這少女有些同情的道:“你是來求仙的嘛,不過道觀沒資格收徒,而且道觀里的雜役仆從都收滿了,要不你還是早點回去吧。”
“妹妹,你還沒看出來嘛,這人要么是個傻子要么就是個瘋子,還成仙,像你我曾經被譽為范氏一脈萬年一遇的天才,可結果呢!”那少年站在黑夜中,背影孤獨又凄涼。
“但你我曾經不也一樣夢想成仙,”這少女開口道:“我叫范夜天,我哥哥名叫范荀,對了你叫什么名字?”
“我叫徐一平,”頓了頓徐一平又道:“你們都是鬼嘛?”
徐一平早就觀察到這兩人走路悄無聲音,而且月光下也沒有半點影子。
“是呀,我和哥哥死了好多年了,”范夜天神情有點傷感:“你既然看出來了我們也不打擾你了,天亮了你便可以選擇登山。”

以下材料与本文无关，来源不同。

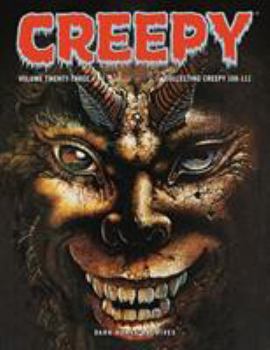 Hardcover Creepy Archives Volume 23: Collecting Creepy 108-111 Book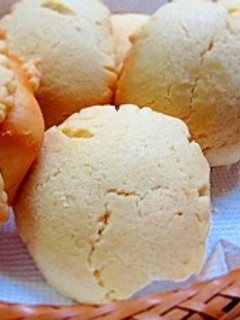 ダーリン好み❤サクッとクッキーパン-レシピのメイン写真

徐一平笑道:“干嘛要走,我一個人在這里也挺無聊的,不如我們聊聊天吧!”
范夜天吃驚的道:“你不怕我們?”
徐一平實話實說:“有點怕,但是我這樣即便想跑也跑不了太遠,不如聊聊天吧。”畢竟是在筆架山下,徐一平并不是太擔心,而且徐一平也是真的跑不動了。
范夜天開心的笑起來:“謝謝你,你知道嘛好久好久沒人愿意和我們聊聊天了,快給我說說現在人間流行什么胭脂水粉。”
范荀也湊過來道:“我突然發現看你小子順眼了些,對了給我說說人間現在有沒有什么武道宗師?”
對于他們的問題徐一平是知無不言,不過許多問題他實在是不知道,只是范家兄妹也不在意,他們只是想找個人說說話而已。
這一聊就聊到朝陽染紅了天際,范夜天道:“你等著,我去幫你問問道觀里還收人不,要是不收人你還是早點回去吧,就你這身體沒到山頂見到觀主可能就支撐不住了。”
徐一平并沒有提月影珠的事情,畢竟人心莫測,因此范夜天便武斷的認為徐一平是想見觀主拜師的。
而且也不等徐一平解釋范夜天便一溜煙的跑到了道觀后院。
她倒是個熱心姑娘。
道觀觀主名叫范閑,是范夜天兄妹家族的長輩,但范夜天能做的也只是幫忙問問,道觀自有規矩。
此時朝霞漫天本是吞吐天地紫氣的大好時機,但范閑卻并沒有修煉,他只是靜靜的對著自己身前的一盆水發呆。
范夜天知道范閑看這水盆水已經看了一百二十年了,不過范夜天實在是看不出其中玄機。
范夜天走到范閑身邊小聲道:“觀主,咱們觀里還收道童嗎?”
“不收了,只是你們兩兄妹不好好的巡山,什么時候操心起這種事了。”
“沒什么,”范夜天有點失望:“只是遇到了一個想要修仙的少年。”
“少年?你說的可是他?”
范閑伸手摘下晨霧,用手一捏,捏出一枚園鏡,鏡中的徐一平正在登山。
“就是他,”范夜天小聲問道:“觀主你看他可還行?”
“資質極差,不過既然你覺得他不錯,且坐我身旁看著,我筆架山有兩千八百八十八階階梯,且看他能登上第幾階?”